Aschieris: I just want to shift topics just quickly and discuss the debt ceiling debate that continues right here in Washington.

Bishop: Right.

Aschieris: [House Speaker Kevin] McCarthy recently released a $1.5 trillion package for the debt ceiling called Limit, Save, Grow Act of 2023. What are your thoughts on this legislation?

Bishop: And you’ve mentioned the one piece of it. Everybody knows that the debt ceiling limits the amount of debt the United States can incur. And the spending’s been so reckless for so many years that we keep hitting the ceiling and then the Congress has to lift it or else people are saying horrible things will happen in the markets and the economy will go in the tank. So everybody understands that’s got to be dealt with.

You mentioned a $1.5 trillion increase. That’ll take the anticipated amount of debts needed to be issued in coming periods to the first quarter of next year, first quarter of 2024.

But the key was, President Biden and Democrats who’ve spent $6 trillion on a party-line basis, they want us to just sort of give them a license to increase the debt limit without anything else being changed. And we said from the beginning, “We’re not going to do that.”

And so what has emerged, what the speaker has now revealed, and I believe that 218 Republicans will vote to pass on the floor next week, is a robust package that marries the idea of increasing the debt limit with fiscal reform. Change new direction.
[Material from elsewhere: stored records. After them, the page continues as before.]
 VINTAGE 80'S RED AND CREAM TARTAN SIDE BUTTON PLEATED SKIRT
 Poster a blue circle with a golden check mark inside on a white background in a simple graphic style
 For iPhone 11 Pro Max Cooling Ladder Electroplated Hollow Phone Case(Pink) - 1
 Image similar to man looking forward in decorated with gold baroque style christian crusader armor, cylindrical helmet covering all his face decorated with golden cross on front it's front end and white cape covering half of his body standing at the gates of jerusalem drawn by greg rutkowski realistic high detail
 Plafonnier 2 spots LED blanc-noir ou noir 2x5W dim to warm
So limit, save, and grow.

We’re going to rescind or stop a lot of COVID spending that hadn’t been done, about $50 or $60 billion of that. This is the package that we’re sending for and of course it has to be then negotiated with the Senate and with the president. But we’re going to rescind and nullify the forgiveness or the giveaway of student loans. It’s about $550 billion.

We’re going to have an agreement bicamerally to revert our discretionary spending to the fiscal year ’22 levels, which will give some flexibility to our continued strengthening of our defense, but also probably for the rest nondefense discretionary, it’ll take us back to before COVID, fiscal year 2019.
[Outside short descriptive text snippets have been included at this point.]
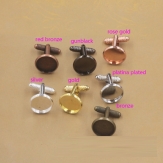 French cufflinks men's base metal Threaded rod (06072)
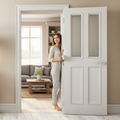 Premium Internal Clear Glazed Door with Traditional Four Panel Design and Solid Core for Durability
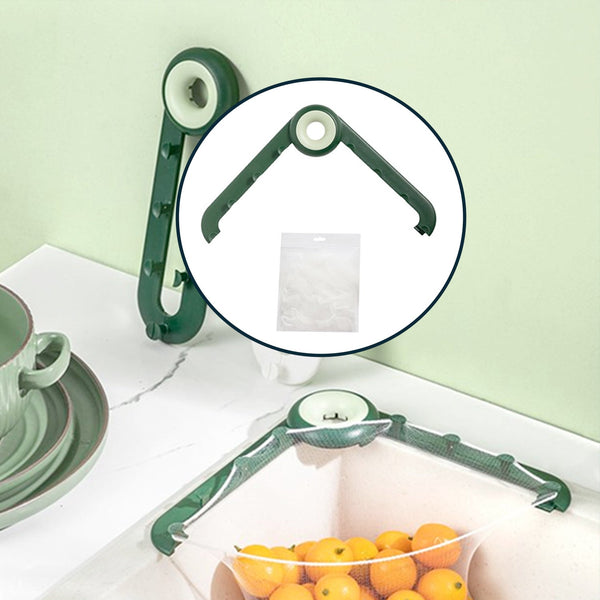 7686 Kitchen Sink Drain Filter Holder Triangle Foldable Sink Strainer Drainer For Kitchen Use (Bag not Included) DeoDap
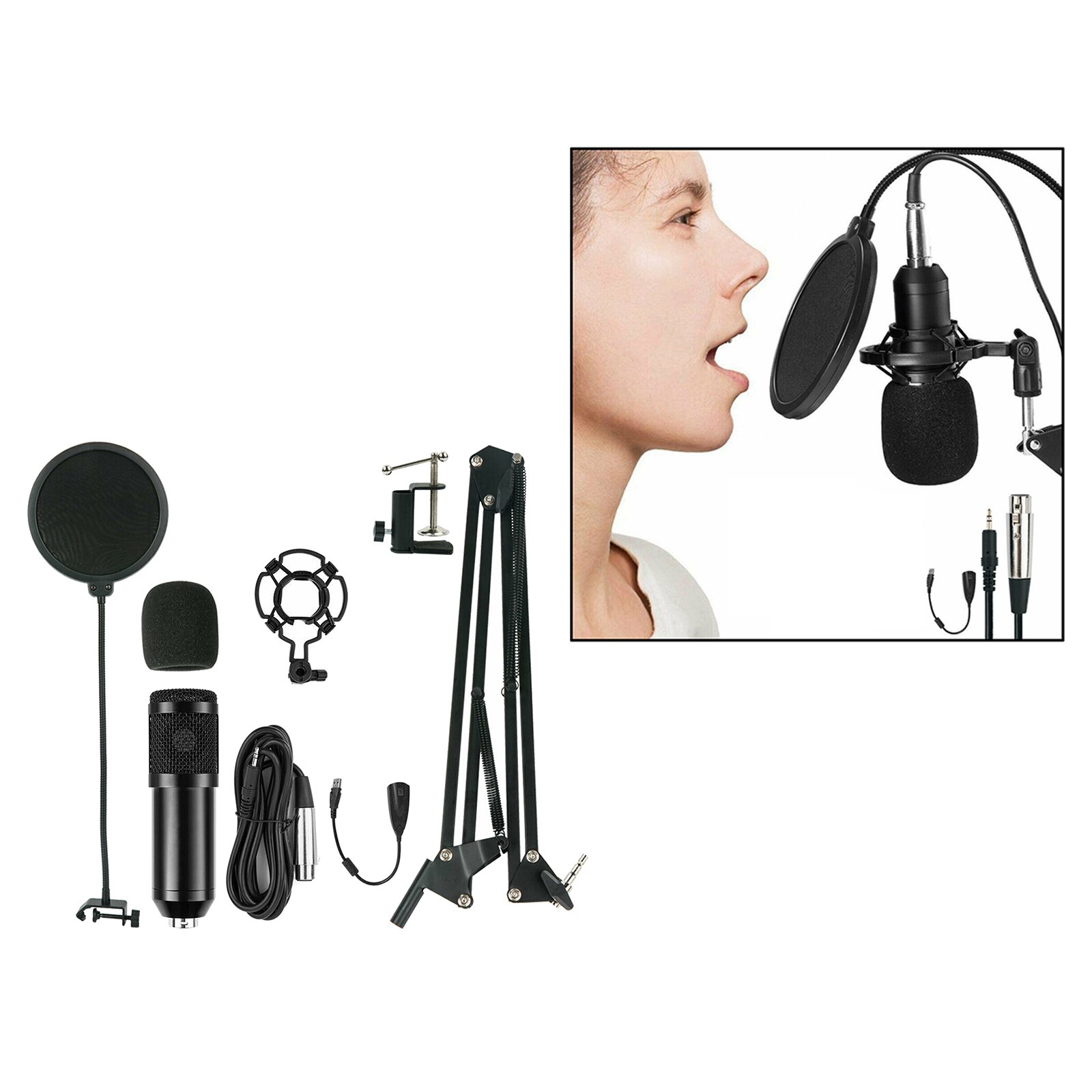 Broadcasting Studio Recording Condenser Microphone Kit PC Cardioid Mic with Arm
… The grow part or the cap part is to cap growth and discretionary spending to 1% per year over the next decade. That’ll save a trillion, three over that period of time. And finally, grow. That’s the biggest key.

At the end of World War II, when the United States had unprecedented debt levels, Congress did two things. It went to work on a bipartisan basis to try to reduce spending and get that back normalized. And then it also made great efforts to grow the economy very successfully. We can’t solve our debt and fiscal problems unless we have an economy that is growing and strong.

So the main pieces—we have the energy package that we’ve already passed, has been put into this package. We have the REINS Act, … which is designed to get control of the regulatory state, bringing forth all these burdensome regulations that keep business activity from flourishing in the United States.

So if there’s a new regulation that has impacted more than $100 million in the economy, the regulation would have to be affirmatively approved by Congress.

So instead of having all this burgeoning law created in the administrative state, we’ll revert to the Constitution complex, which is that the Congress makes the laws, and that gives opportunity for people to avoid crazy decisions like we’ve seen in the regulatory area and to push back on that. That alone, if that were to pass, would be an immense impact on the United States economy.

It is a very robust package. The fact that we’ve accomplished it, I think, is testament to what occurred in January. You guys have covered that. The 20, the contested speakers race, the agreement to the elements that have come now forth in the debt ceiling package, it is a great manifestation of why that was so important.

We would never have gotten where we are without that having happened first and now I’m very proud of the Republican Conference. I’m proud of the speaker. Speaker McCarthy’s done a fantastic job within the parameters we set in January of putting this together. So we go from here, Republicans show we can put a package out and then we see what the Senate and the president will do.

Aschieris: Well, great. Congressman Bishop, thank you so much for joining us.

Bishop: Thank you very much. Great to be with you guys. Thank you so much for what you do.